Figure 3 Effect of OXCT1-AS1 on the proliferation of NSCLC cells. (A) After transfection of si-NC or si-OXCT1-AS1 in H1650 cells, cell viability was analyzed at 0, 24, 48, and 72 h by using CCK-8 to plot changes in the cell growth curves. (***P<0.001). (B) After transfection of si-NC or si-OXCT1-AS1 in H1650 cells, changes in the number of cell colony formations were detected using the colony forming assay. (***P<0.001). (C) After transfection of si-NC or si-OXCT1-AS1 in H1650 cells, changes of cell proliferation ability were detected using EdU assay. (***P<0.001). (D,E) qRT-PCR was performed to detect the expression changes of CCND1 and CCNE1 after transfection of si-NC or si-OXCT1-AS1 in H1650 cells. (***P<0.001). (F) Western blotting was used to detect protein expression changes of CCNE1 after transfection of si-NC or si-OXCT1-AS1 in H1650 cells, and the statistical analysis of protein expression. (***P<0.001). GAPDH, glyceraldehyde-3-phosphate dehydrogenase; CCK-8, Cell Counting Kit-8; qRT-PCR, quantitative reverse transcription polymerase chain reaction.
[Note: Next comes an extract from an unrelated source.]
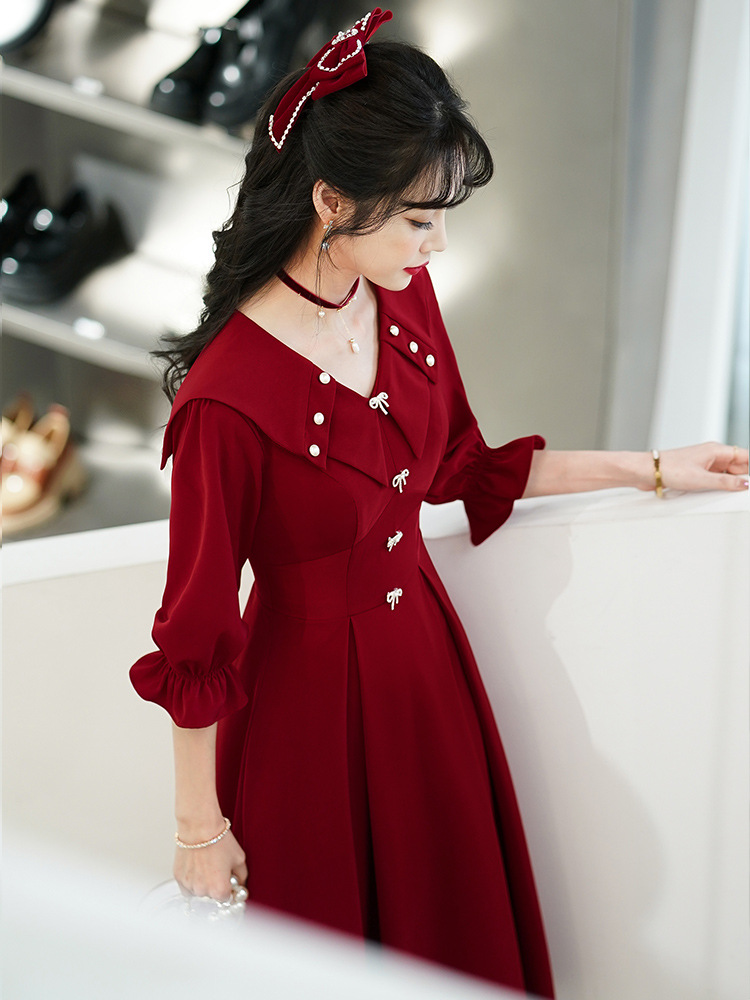 敬酒服新娘酒红色订婚礼服连衣裙小个子平时可穿高级感女v领便装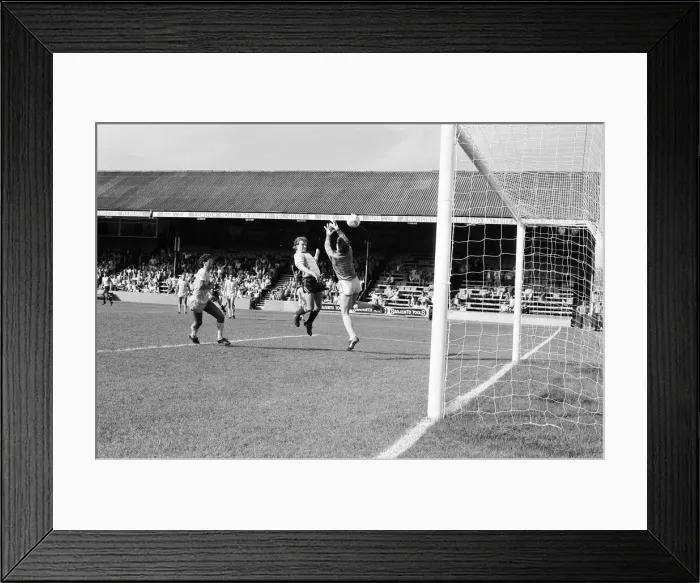 Framed Print : Reading 2-1 Walsall, league match at Elm Park, Saturday 7th September 1985 Framed Print : Reading 2-1 Walsall, league match at Elm Park, Saturday 7th September 1985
Cyclins also play an important role in the biological process of cell proliferation. Therefore, the effect of OXCT1-AS1 on the expression levels of cyclins (CCND1 and CCNE1) was examined by qRT-PCR. The results showed that knockdown of OXTC-AS1 considerably downregulated the expression of CCND1 and CCNE1 compared with si-NC group, as shown in Figure 3D,3E (P<0.001). Western blotting results indicated that knockdown of OXTC-AS1 significantly inhibited the protein expression of CCNE1 compared with the si-NC group (Figure 3F). The above results indicated that knockdown of OXCT1-AS1 inhibited cell proliferation by inhibiting the expression of cyclins (CCND1 and CCNE1) in NSCLC cells. In addition, a previous study found that knockdown of lncRNA OXCT1-AS1 inhibited tumor growth in mice (16). This result can further support our findings at the cellular level in vitro.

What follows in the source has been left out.